I want to paint our relationship in those colors. I always have. (In all honesty, I still do. I find it very threatening to let go of those ideals.)

But there is something beyond them. : ) And it is reality.

Hmmmm. Like a lot of submissive/masochistic women, I'm not all that into the cliches of romance. I mean, I believe or assume you can have the darkness (i.e., the un-wholesomeness referred to above) in a relationship where two people are in love (I would call this a romantic relationship -- in the generic sense of the word -- but clearly this term is loaded!). As far as your second post goes, I know what you mean, but how much of this is mythical and how much of it is attainable in a long term relationship? I don't think most people can be wholly satisfied by one person -- you need friends, career, your own pursuits, passions, or whatever. I don't know. I'm still discovering what love is, I guess. I don't think of it in soaring terms for myself, but I feel like I'm in love nonetheless.

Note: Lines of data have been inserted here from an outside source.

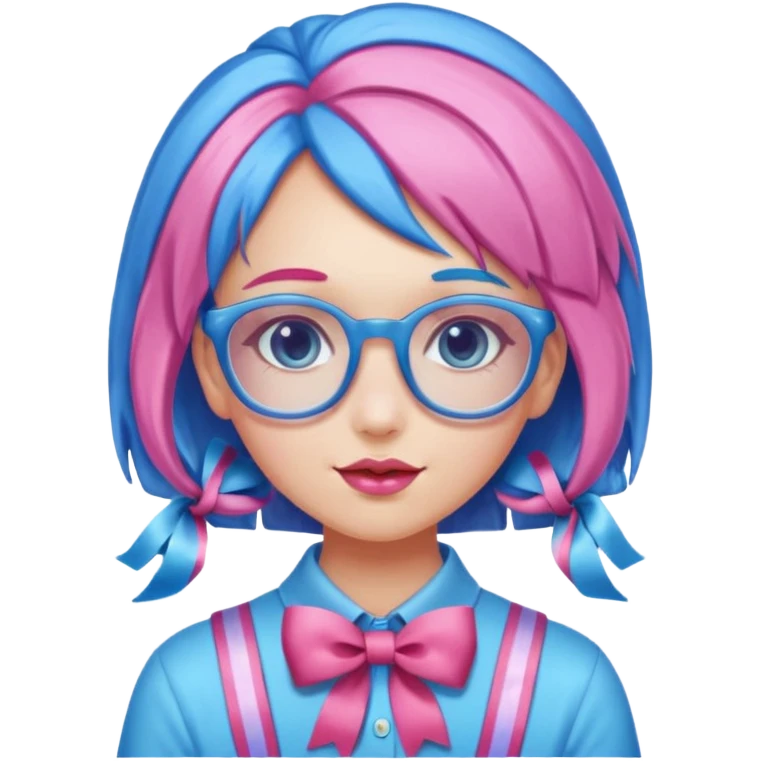candy girl with very long blue-pink mixed candy hair with ribbon and no tattooes, with glassess emoji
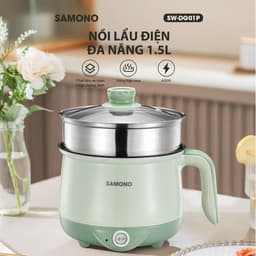 Thumbnail Nồi điện đa năng dung tích 1.5L Samono SW-DG01P phủ 2 lớp chống dính, công suất 600W, kèm xửng hấp inox 2
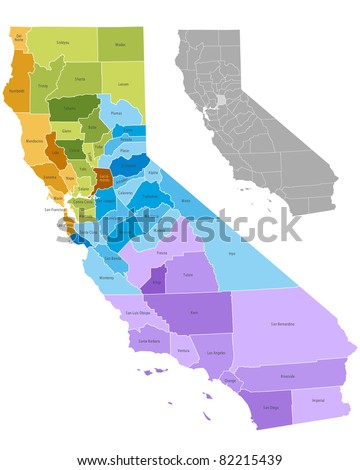 California State Counties Map With Boundaries And Names Stock Vector ...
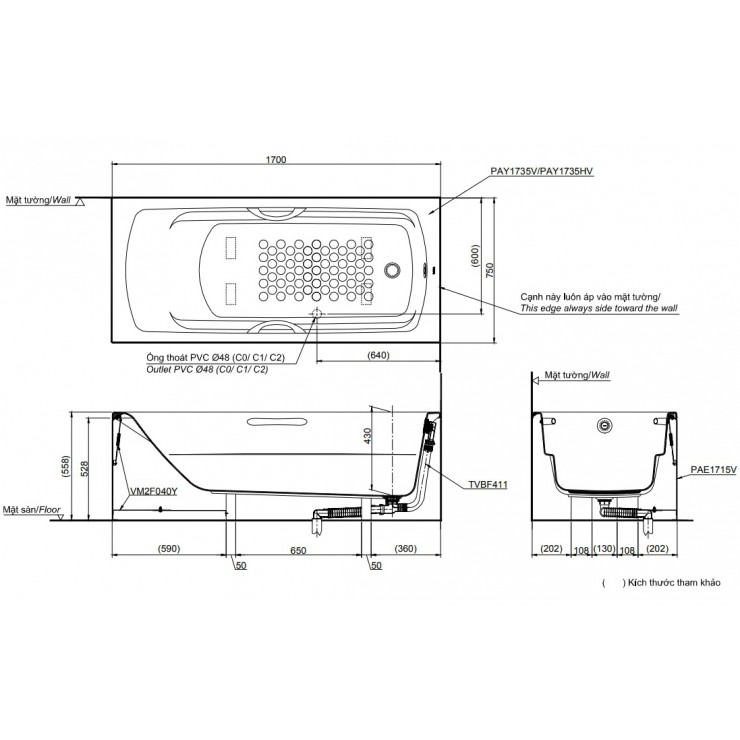 Bản vẽ kỹ thuật Bồn tắm yếm Toto PAY1735VC/TVBF411 dài 1m7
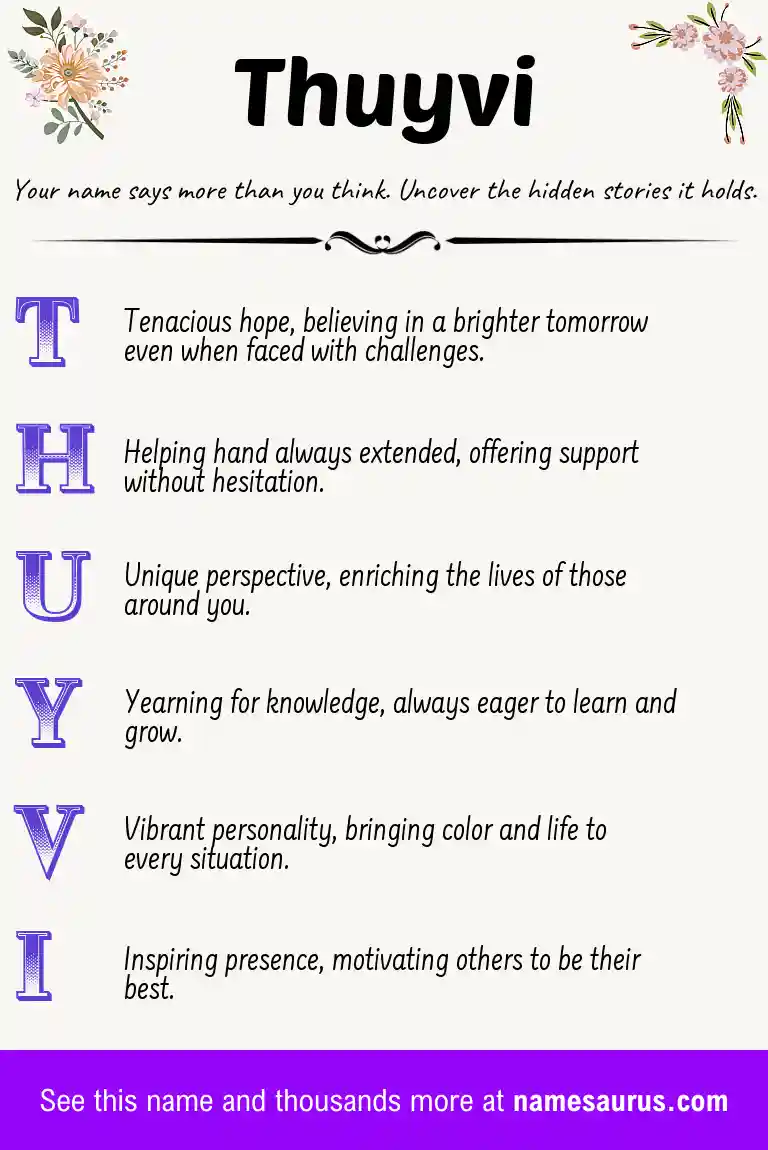 Acrostic poem about Thuyvi.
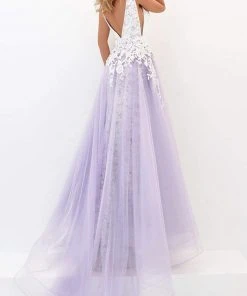 Tarik Ediz - 50732 Embellished Deep V-neck Dress With Overskirt Formal Gowns 11 Tarik Ediz - 50732 Embellished Deep V-neck Dress With Overskirt Formal Gowns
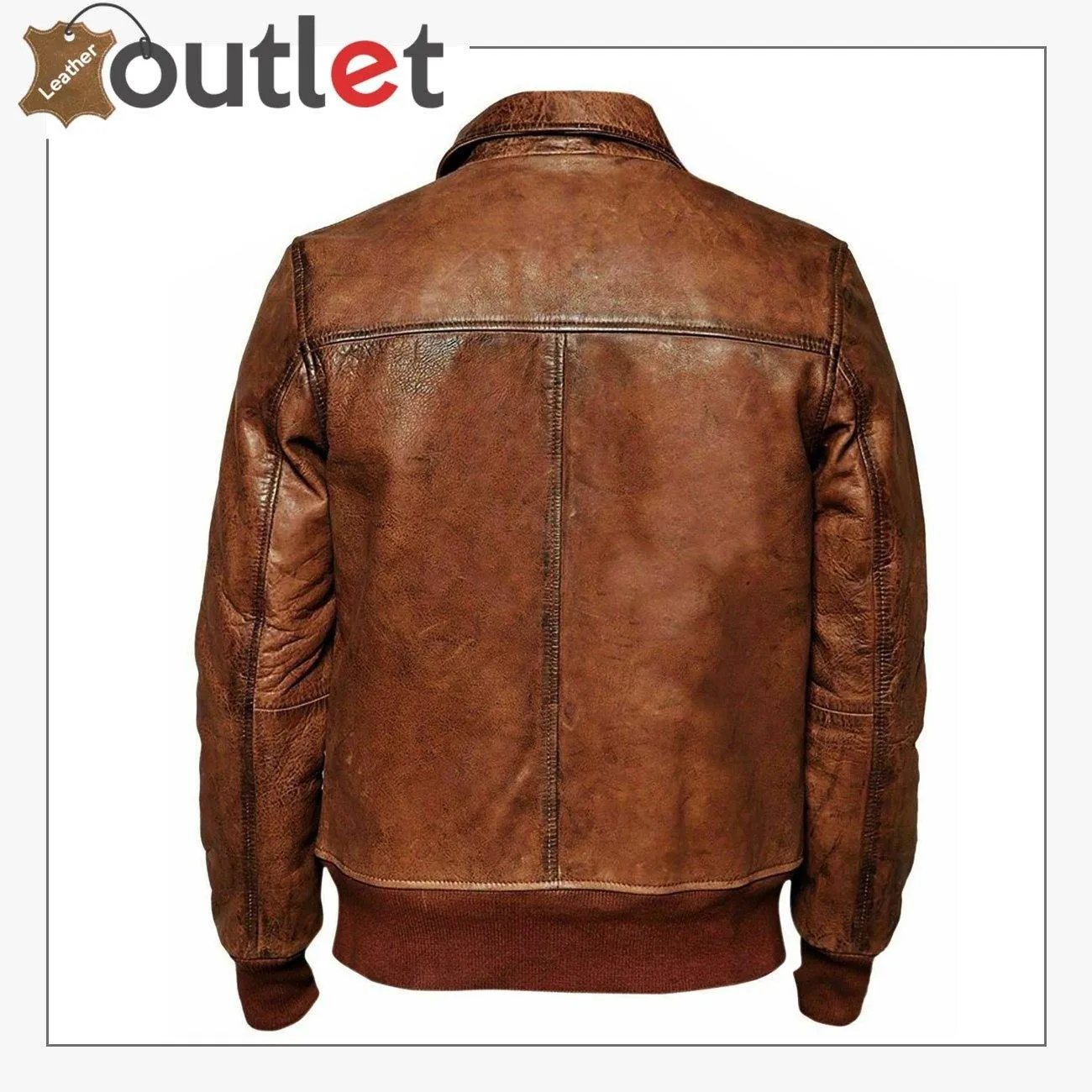 Mens Motorcycle Brown Bomber Winter Leather Jacket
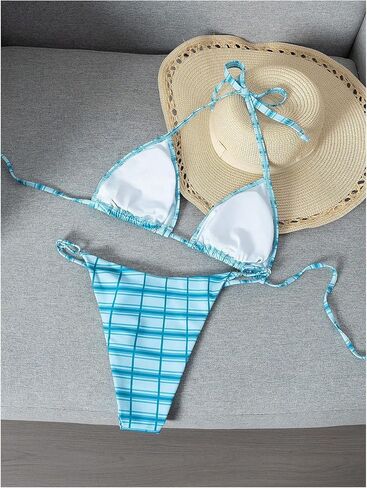 SweatyRocks Women's Micro Thong Bikini Sets Plaid High Cut Sexy Cute Bathing Suit 2 Piece Summer Beach Vacation Swimwear in Kuwait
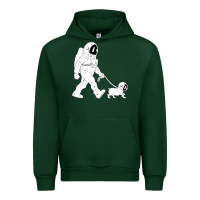 Forest Green walking the dog astronaut Urban Hoodie - linhVisuals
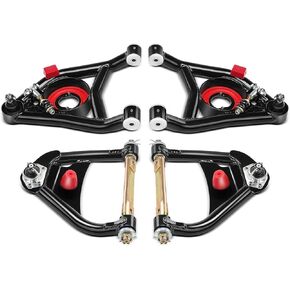 A-Premium Heavy Duty Front Upper & Lower Tubular Control Arm Kit, with Ball Joint & Bushing, Compatible with Chevy Buick Pontiac Oldsmobile - 1964-1972 - Malibu Chevelle El Camino Skylark Cutlass GTO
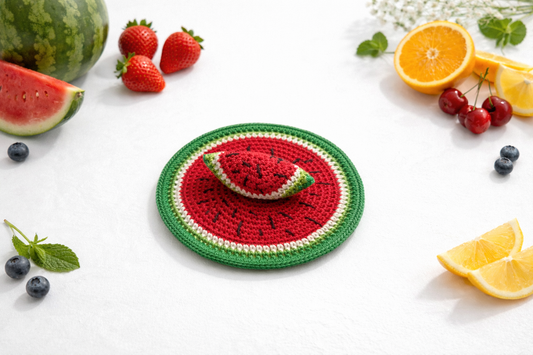 Crochet Watermelon Glass Lids – Add a Splash of Summer to Every Sip 🍉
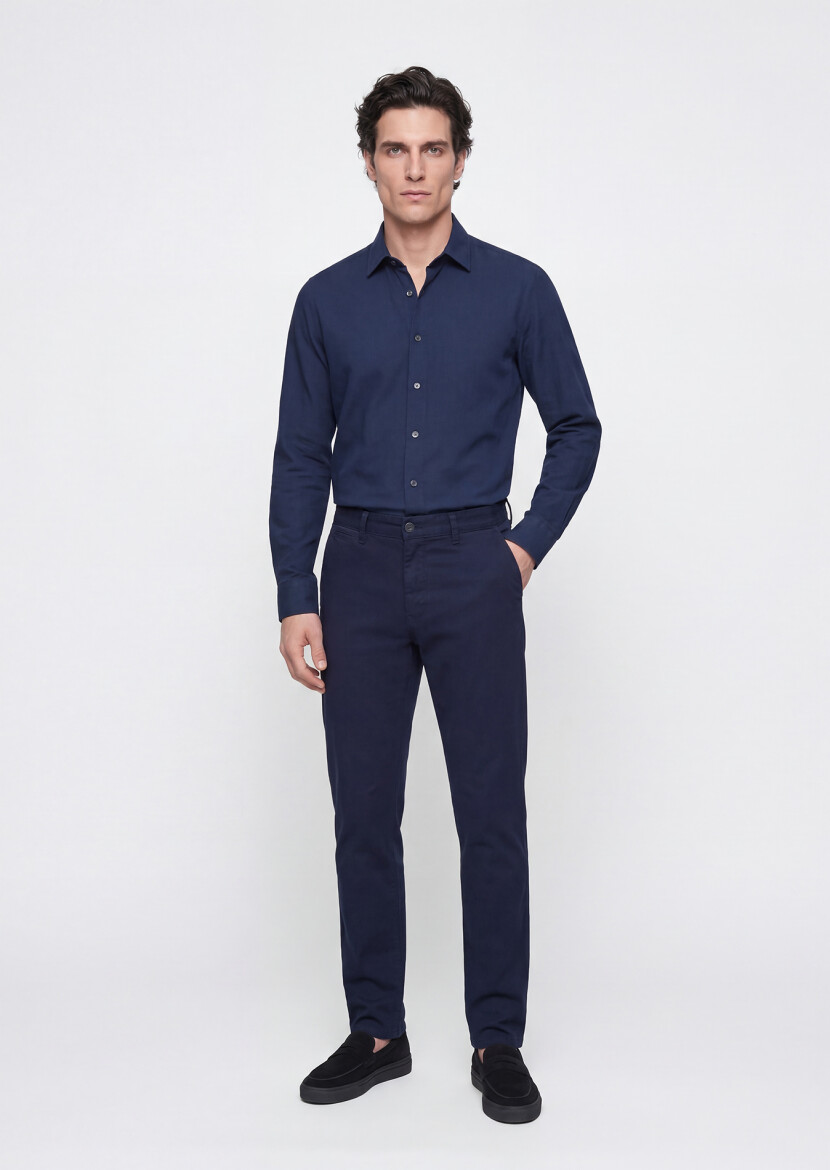 Navy Blue Weaving Slim Fit Casual Cotton Blended Trousers - RAMSEY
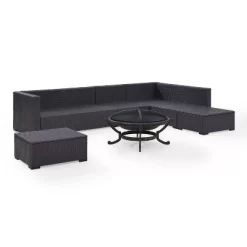 Biscayne 6pc Outdoor Wicker Sectional Set With Fire Pit - Crosley -Outdoor Comfort Deals Store GUEST 046f9b9c c3f2 46f1 8d36 1b093afa746a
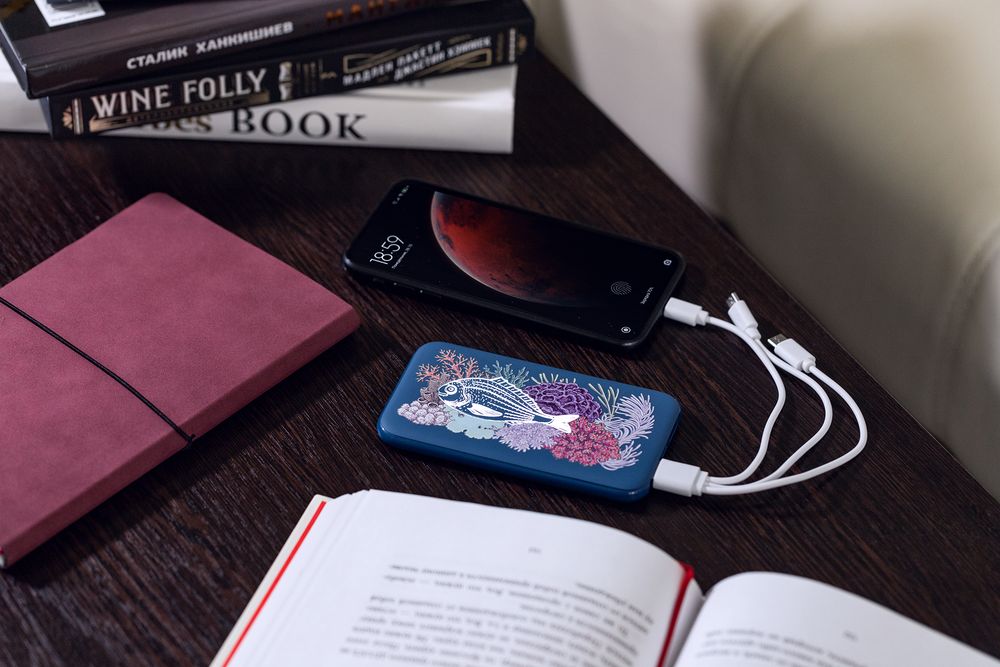 Аккумулятор Uniscend Starry с подсветкой, 5000 мАч, синий / Миниатюра WWW (1000)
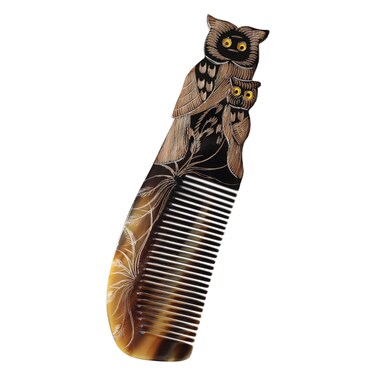 Symbol of LUCK &amp; Knowledge, Natural Buffalo Horn Comb, Ox Horn Comb Anti-Static, Luxury Double Pigeon, Buffalo Horn Hair Comb for Anti Static Massage (Owl)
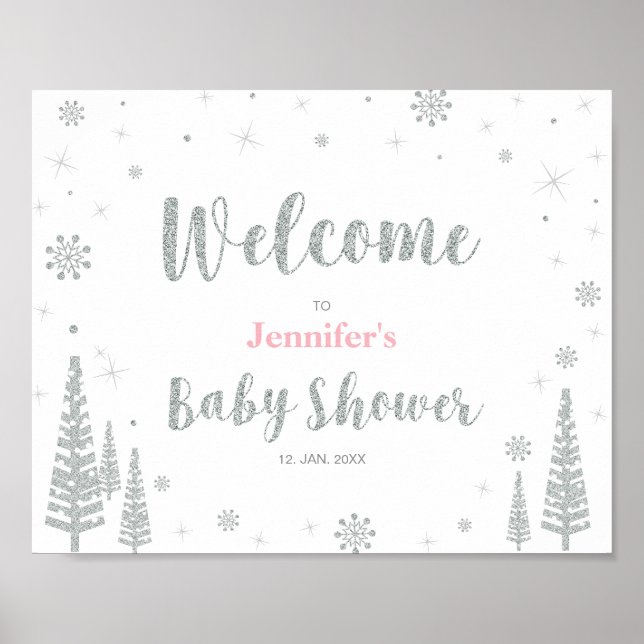 Welcome Sign for Winter Baby Shower, Girl, Pink (Front)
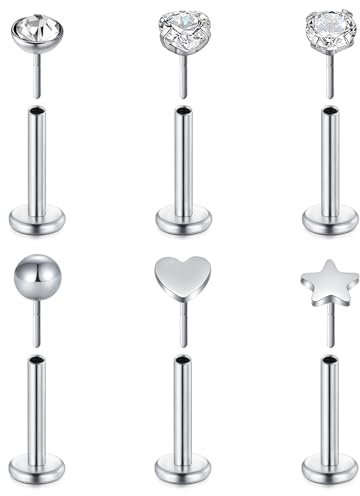 VF VFUN 16G 6Pcs Helix Piercings Diamant CZ Edelstahl Piercing Herz Stern Opal Lippenpiercing Ohr Conch Piercing Nasenpiercing Tragus Labret Piercing Studs 8mm für Frauen Männer Silber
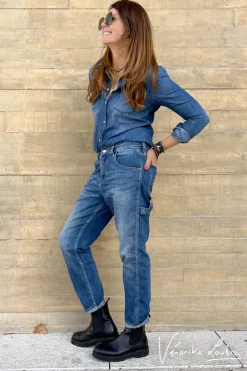 Femme Le Temps des Cerises Coupe Boyfit-Charpentier Boyfit By Veronika Loubry Jeans Bleu N°2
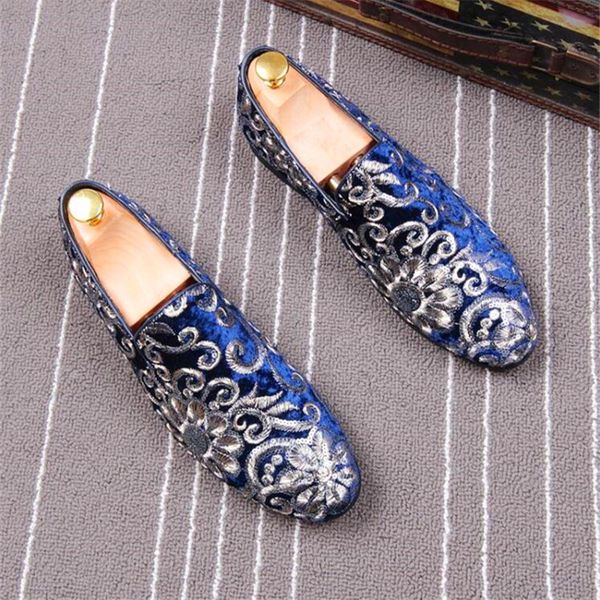 men's embroidered leather shoes pointed toe shoes hairdresser men's breathable spring and autumn wedding, Black
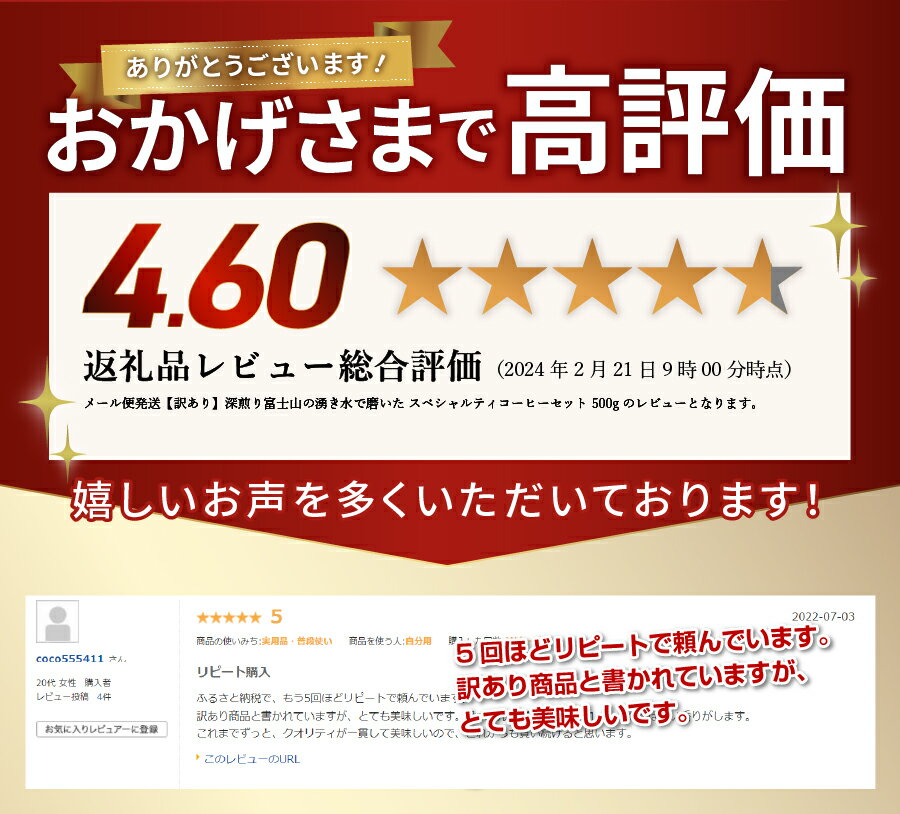 【ふるさと納税】 メール便発送 【訳あり】 緊急支援 コーヒー 豆 粉 500g (250gx2袋) 富士山の湧き水で磨いた 深煎り スペシャルティコーヒー 自家焙煎 焙煎後一週間 加熱水蒸気 アイスコーヒー コロナ支援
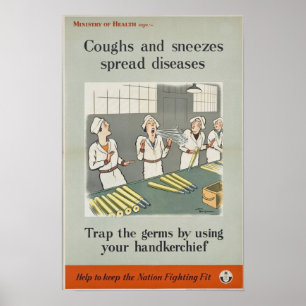 Affiche Toux et maladies de diffusion d'éternuements
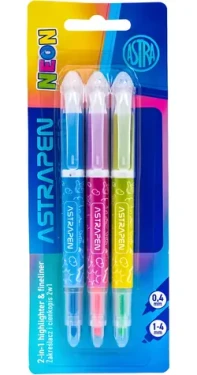 ASTRA Zvýrazňovač 2v1 Neon / Sada 3 ks / Liner + zvýrazňovač (207024907)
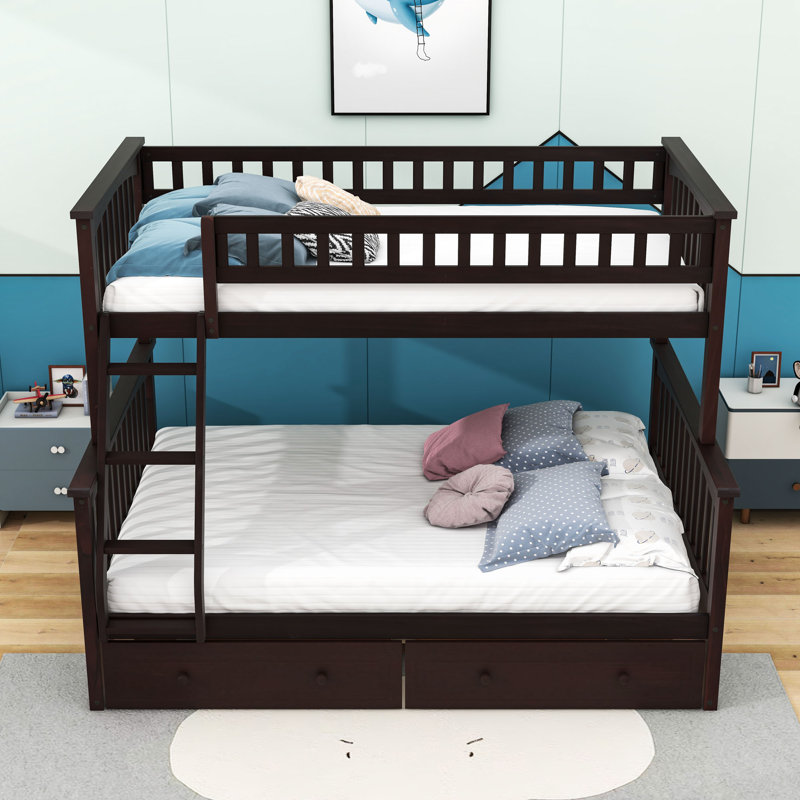 Lit superposé simple au-dessus d'un lit double en bois avec 2 tiroirs, Espresso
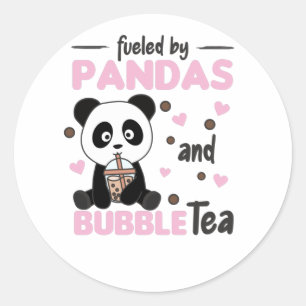 Sticker Rond Buble Thé Panda Chocolat Sweet Animaux Boba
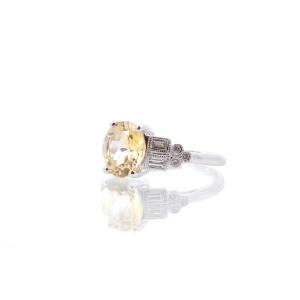 Vintage Yellow Sapphire And Diamond Ring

I :heart: you too btw! I don't mean to sound like there's anything wrong with your realization - you know I'm fascinated by what love looks like after ten years, twenty years, etc.
 
My first outside experience, being naive and all, I developed a crush right away. Hubby was taken aback by it at first, but then discovered that he actually prefers if I get all attached to the guys I fuck rather than be ambivalent about them. Too bad that now that I'm a bit more seasoned, I discovered that I actually enjoy my casual fuck for what they are: sport fucks.

So Hubby is being frustrated in his desire of seeing me sexually hot and bothered by another guy.

He says it isn't true, but I've sometimes felt that he takes secret pleasure when my desires are thwarted, and I return to him with my tail between my legs, chastened and chagrined.
 
He says it isn't true, but I've sometimes felt that he takes secret pleasure when my desires are thwarted, and I return to him with my tail between my legs, chastened and chagrined.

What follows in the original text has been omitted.